Notwithstanding numerous stop work orders, demands, and directives from the County threatening D&R, D&R’s owners, and ICON with assessment of civil penalties, liquidated damages, and other consequences for the improper stockpiling and placement of millings, and ICON’s repeated notices and demands to D&R requesting that D&R take action to remove the millings or resolve the matter with King County, D&R did nothing. Eventually, ICON had no choice but to terminate its contract with D&R and take over D&R’s work, a decision that D&R never protested. ICON was able to, at considerable expense, remediate several of the properties on which D&R improperly stockpiled millings.

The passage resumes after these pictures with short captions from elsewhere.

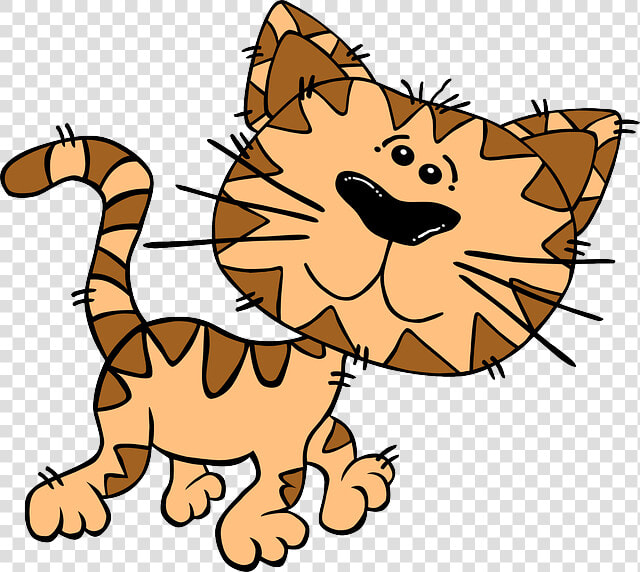 Cats  Kittens  Animal  Cartoon  Moving  Walking  Cute   Chat Clipart  HD Png DownloadTransparent PNG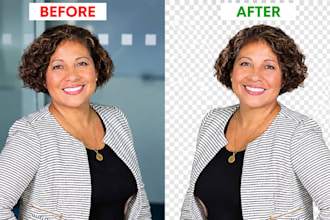 professionally remove background from images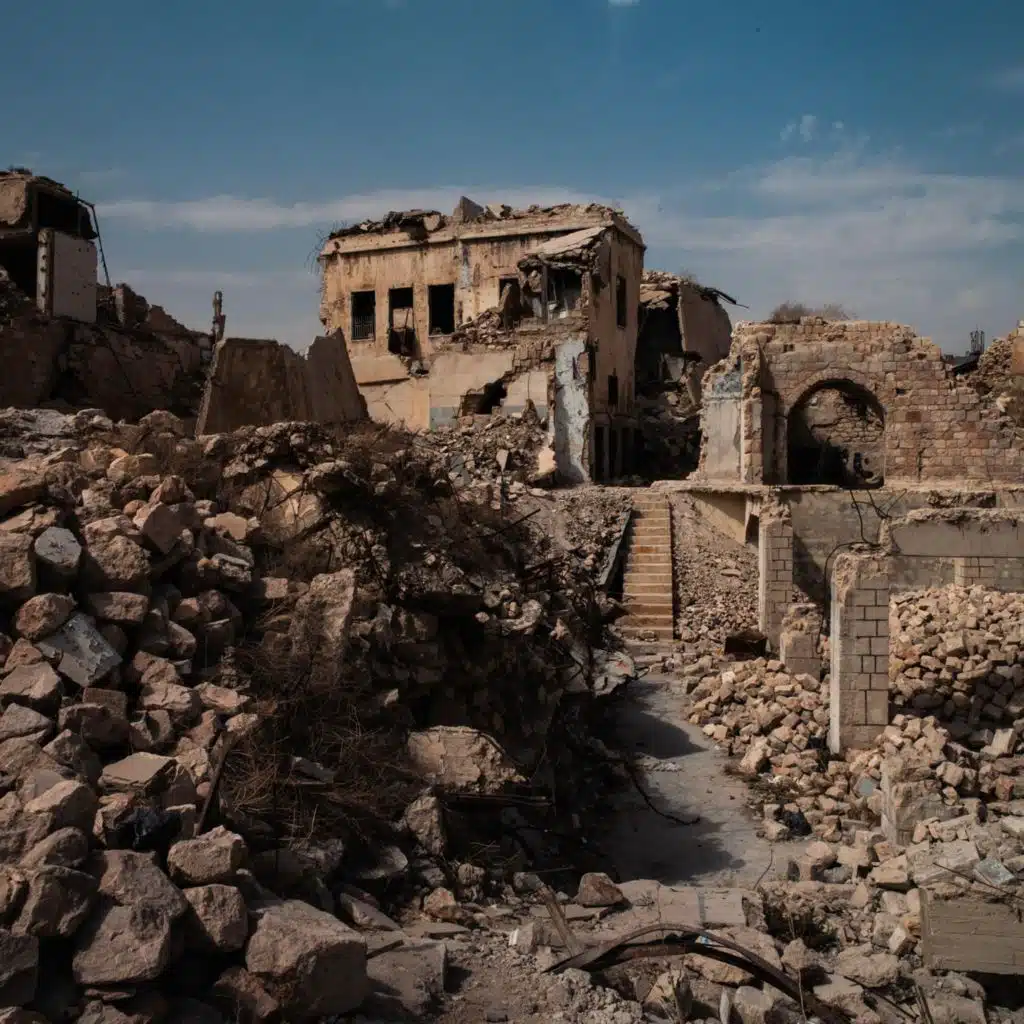 Out of the ruins: will Aleppo ever be rebuilt?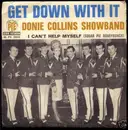 7inch Vinyl Single - Donie Collins Showband - Get Down With It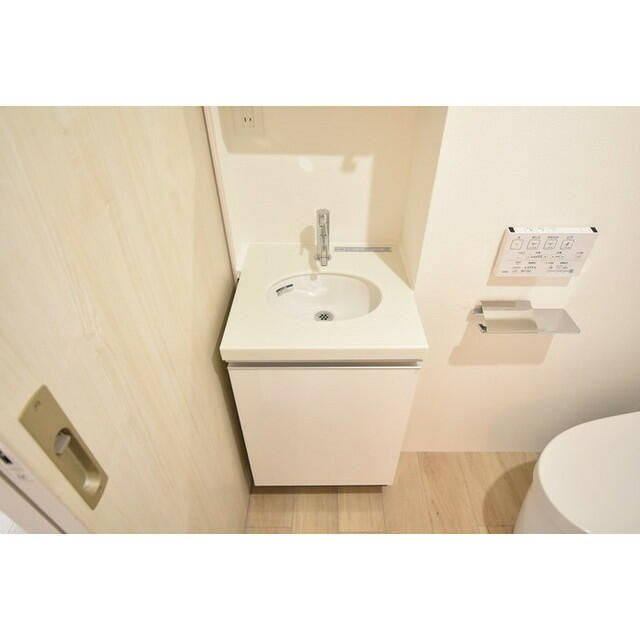 モダンテラス早稲田の洗面所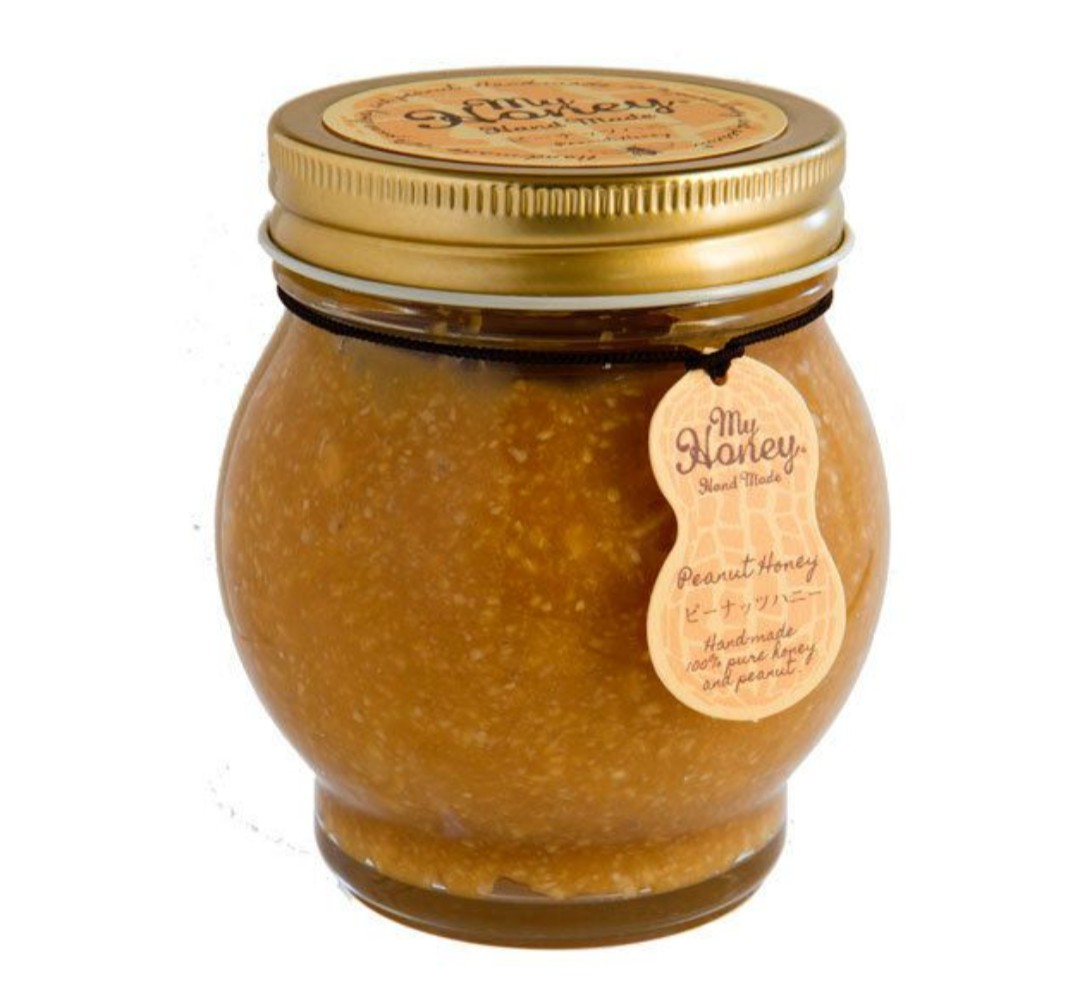 マイハニー　ピーナッツハニー　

It is in precisely these kinds of circumstances that contractual indemnity provisions are important. The subcontract included a comprehensive indemnity provision in which D&R agreed it would defend, indemnify, and hold ICON harmless for any losses, costs, claims, demands, penalties, damages, expenses, or liabilities arising in connection with D&R’s work and to the extent of D&R’s default. Consistent with the subcontract, ICON tendered defense and indemnity to D&R. However, D&R refused the tender.

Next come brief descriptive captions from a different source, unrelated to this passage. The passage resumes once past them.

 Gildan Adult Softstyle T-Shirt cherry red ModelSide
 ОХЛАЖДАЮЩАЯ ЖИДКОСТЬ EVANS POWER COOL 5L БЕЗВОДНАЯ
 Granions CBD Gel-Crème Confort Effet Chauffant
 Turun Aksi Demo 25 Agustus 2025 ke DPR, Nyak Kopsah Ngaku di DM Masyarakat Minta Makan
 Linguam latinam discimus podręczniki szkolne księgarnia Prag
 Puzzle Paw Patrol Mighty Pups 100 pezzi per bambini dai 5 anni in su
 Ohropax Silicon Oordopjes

In the lawsuit that followed, ICON successfully moved for partial summary judgment on its claim that D&R breached the indemnity provision of the Subcontract. Eventually, a jury entered a verdict against D&R awarding ICON the full amount of damages it incurred in remediating the properties, plus its attorneys’ fees and costs.

D&R then appealed, arguing that the court erred in ruling that D&R breached the indemnity provision as a matter of law. Relying on common law principles typically used in the tort context, D&R contended that the plain language of the provision has no effect and is not triggered unless the indemnitee (ICON) first proves that it was actually liable to a third party (King County). D&R asserted this argument despite the fact that the subcontract does not have any such requirement and that the protections ICON negotiated in that indemnity provision were clearly applicable.

The Court was unconvinced by D&R’s arguments, holding that the indemnity provision was drafted to allow ICON to recover its damages arising from D&R’s work and default regardless of whether actual liability to a third party was proven. The Court declined D&R’s invitation to totally restructure the terms of the indemnity provision and inject conditions on ICON’s rights that were contrary to the plain language. Although the common law principles on which D&R relied might apply where there is no contractual indemnity agreement, they were inapplicable here, where the parties bargained for and negotiated the scope of D&R’s indemnity obligations. In so holding, the Court was in good company, relying on a multitude of prior decisions that consistently enforce contractual indemnity agreements as written. Notably, the Court recognized that “Washington law has long recognized that common law defenses cannot defeat the express language of a contractual indemnification provision. To hold otherwise ‘would frustrate the reasonable expectations of the contracting parties and thus interfere with their freedom to contract.’” Id. (internal citations omitted) (quoting Stocker v. Shell Oil Co., 105 Wn.2d 546, 549-50, 716 P.2d 306 (1986)).

D&R appealed this decision to the Supreme Court, but the Supreme Court declined to hear the issue. Ahlers Cressman and Sleight lawyers Lindsay Watkins, Margarita Kutsin, and Larry Glosser handled the appeal.

Commentary:

This Court’s decision emphasizes the critical nature of contractual indemnity provisions as a method for allocating risk arising from work performed by the contracting parties. Accordingly, parties to a contract containing an indemnity provision should take care to carefully evaluate the provision and to understand the scope and terms under which a duty to indemnify, defend, and hold harmless might arise. Given the consistent approach by Washington courts to enforce indemnity provisions as written, parties seeking to avoid an obligation clearly spelled out in the contract are unlikely to find refuge in the common law.